## SUPPLIED MATERIAL
..............................
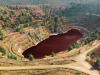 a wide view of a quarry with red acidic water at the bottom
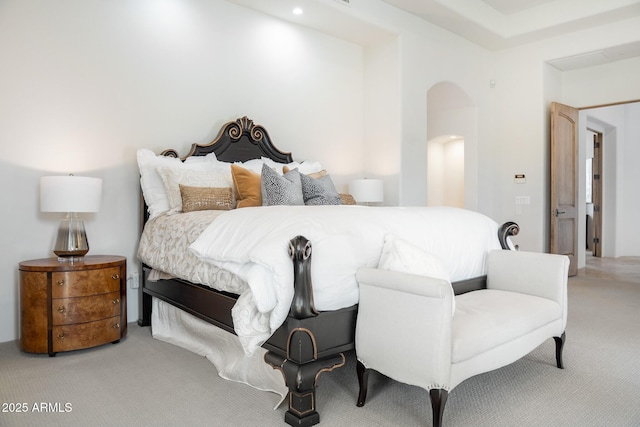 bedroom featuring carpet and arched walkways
..............................
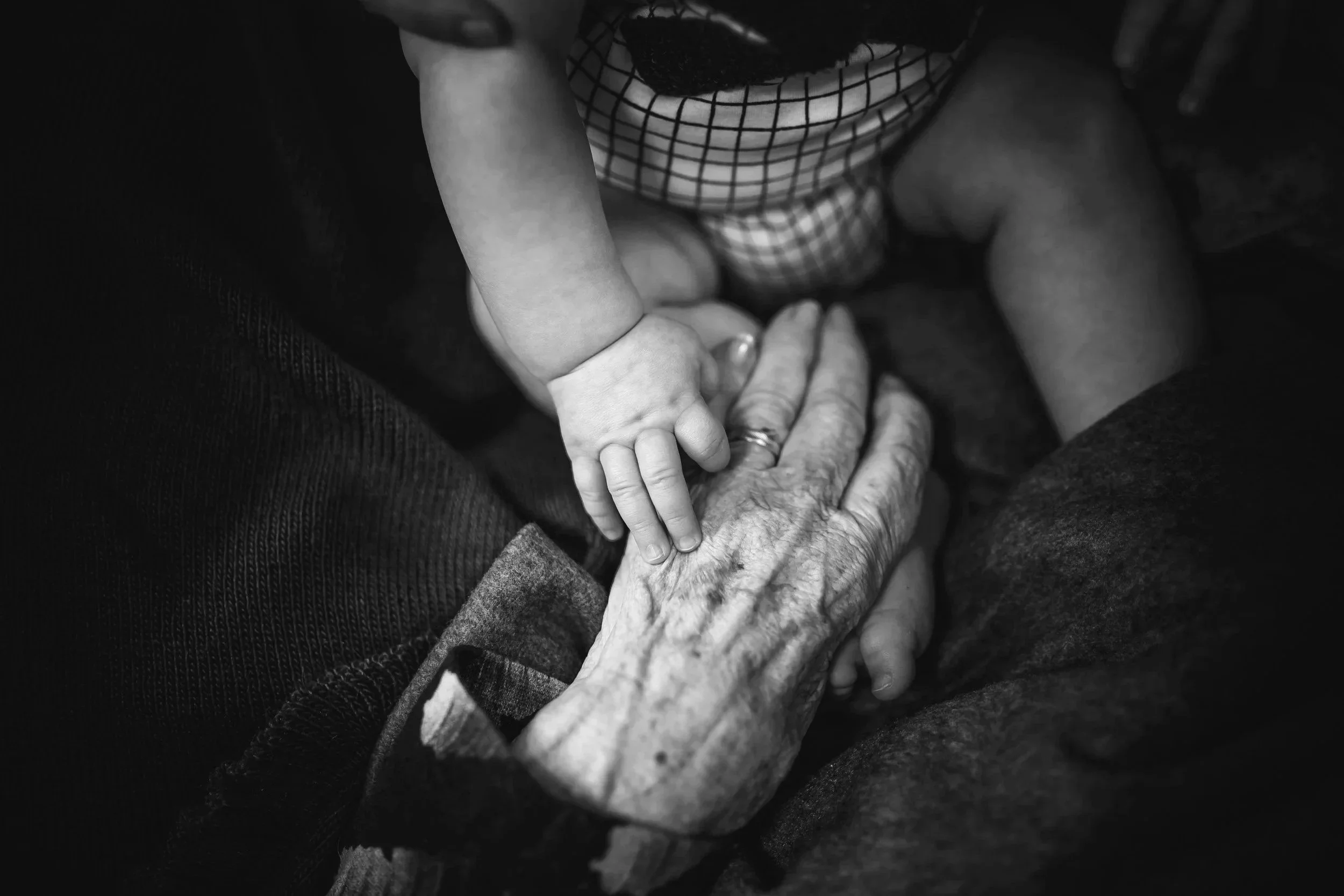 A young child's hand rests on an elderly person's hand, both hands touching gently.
..............................
## HOW TO COMPLETE THIS TASK
Everything from the line above that contains "a wide view" down to the line that contains "bedroom featuring carpet and arched walkways" must be reproduced exactly, both ends included. Omit the pictures.

## RESPONSE AREA
 a wide view of a quarry with red acidic water at the bottom
 bedroom featuring carpet and arched walkways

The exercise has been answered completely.